Quand, au signal consacré, la créature choisie quitta ses compagnes et entra dans le pavillon, l’esclave mutine, qui avait fait le pari, se borna à marcher paisiblement dans l’allée, feignant de s’attarder à cueillir des fleurs, tandis que ses sœurs en servitude s’étaient sauvées d’un seul élan.
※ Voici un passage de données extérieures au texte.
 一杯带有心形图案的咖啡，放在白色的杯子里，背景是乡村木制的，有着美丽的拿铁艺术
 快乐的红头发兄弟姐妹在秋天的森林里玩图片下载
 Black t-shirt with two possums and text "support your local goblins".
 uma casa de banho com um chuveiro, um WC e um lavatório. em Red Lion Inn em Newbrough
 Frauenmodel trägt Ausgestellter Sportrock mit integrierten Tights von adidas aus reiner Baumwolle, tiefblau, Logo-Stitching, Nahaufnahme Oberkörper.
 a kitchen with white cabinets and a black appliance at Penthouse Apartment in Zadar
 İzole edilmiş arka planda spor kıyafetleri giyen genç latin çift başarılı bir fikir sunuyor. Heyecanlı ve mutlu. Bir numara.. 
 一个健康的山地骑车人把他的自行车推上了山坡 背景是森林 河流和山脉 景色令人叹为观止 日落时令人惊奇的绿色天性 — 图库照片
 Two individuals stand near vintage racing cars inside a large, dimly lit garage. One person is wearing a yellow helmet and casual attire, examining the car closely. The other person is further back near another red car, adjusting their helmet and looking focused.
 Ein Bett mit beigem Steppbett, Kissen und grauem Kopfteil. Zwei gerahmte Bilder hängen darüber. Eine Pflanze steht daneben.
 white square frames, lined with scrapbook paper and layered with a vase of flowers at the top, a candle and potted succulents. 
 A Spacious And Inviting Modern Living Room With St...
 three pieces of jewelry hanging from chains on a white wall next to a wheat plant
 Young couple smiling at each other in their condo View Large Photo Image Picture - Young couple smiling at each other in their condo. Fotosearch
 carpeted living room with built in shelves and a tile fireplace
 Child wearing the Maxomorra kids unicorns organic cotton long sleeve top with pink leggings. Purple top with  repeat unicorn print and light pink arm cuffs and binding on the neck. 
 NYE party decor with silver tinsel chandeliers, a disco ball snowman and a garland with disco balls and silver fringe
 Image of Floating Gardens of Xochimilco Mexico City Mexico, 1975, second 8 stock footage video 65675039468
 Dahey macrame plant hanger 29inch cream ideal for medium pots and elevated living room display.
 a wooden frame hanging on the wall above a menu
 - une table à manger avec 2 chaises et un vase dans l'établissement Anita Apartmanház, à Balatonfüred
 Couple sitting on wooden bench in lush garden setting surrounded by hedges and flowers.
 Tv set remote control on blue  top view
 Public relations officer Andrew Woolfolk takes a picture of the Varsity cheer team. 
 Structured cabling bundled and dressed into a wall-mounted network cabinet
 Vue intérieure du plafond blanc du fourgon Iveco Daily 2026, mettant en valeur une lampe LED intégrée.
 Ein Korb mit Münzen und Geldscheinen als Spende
L’eunuque s’avança vers la rebelle, prêt à l’entraîner, mais déjà, dans l’encadrement de la porte, la face terrible du pacha apparaissait.

— Tu voulais voir, esclave !… Regarde bien…

Et tandis que la pauvre enfant, comprenant trop tard sa témérité, levait sa tête suppliante, essayant de soutenir le regard féroce qui la terrorisait, deux coups de feu retentirent et elle tomba, fleur brisée, parmi les autres fleurs du parc.

Cependant que le maître, montrant le corps frêle à la favorite de l’instant, disait :

— Voilà, femme, comment votre Seigneur punit les révoltées et les curieuses…

Une autre fois, Ibrahim ayant demandé où se trouvait son mamelouk favori qu’il avait vainement appelé depuis un instant, on lui répondit que cet homme était au bain.

— Sans ma permission ! — rugit le pacha, — il a osé aller au bain… Qu’on l’étrangle !…

Deux jours plus tard, le vice-roi se rendit au cimetière où l’on avait déposé le cadavre du supplicié et, ne trouvant point le châtiment suffisant, il ordonna de déterrer le malheureux et le fit enfouir à nouveau, mais en recommandant de laisser les pieds dehors, pour permettre aux hyènes et aux chacals d’en faire leur pâture…

La sœur d’Ibrahim, la fameuse princesse Zohra, chez laquelle la mère des jumelles avait vécu, ne le cédait en rien à son terrible frère, sous le rapport de la débauche et de la férocité.

Bien avant qu’Ibrahim montât sur le trône, elle s’était attiré les foudres de leur père commun, le grand Mohamed-Aly.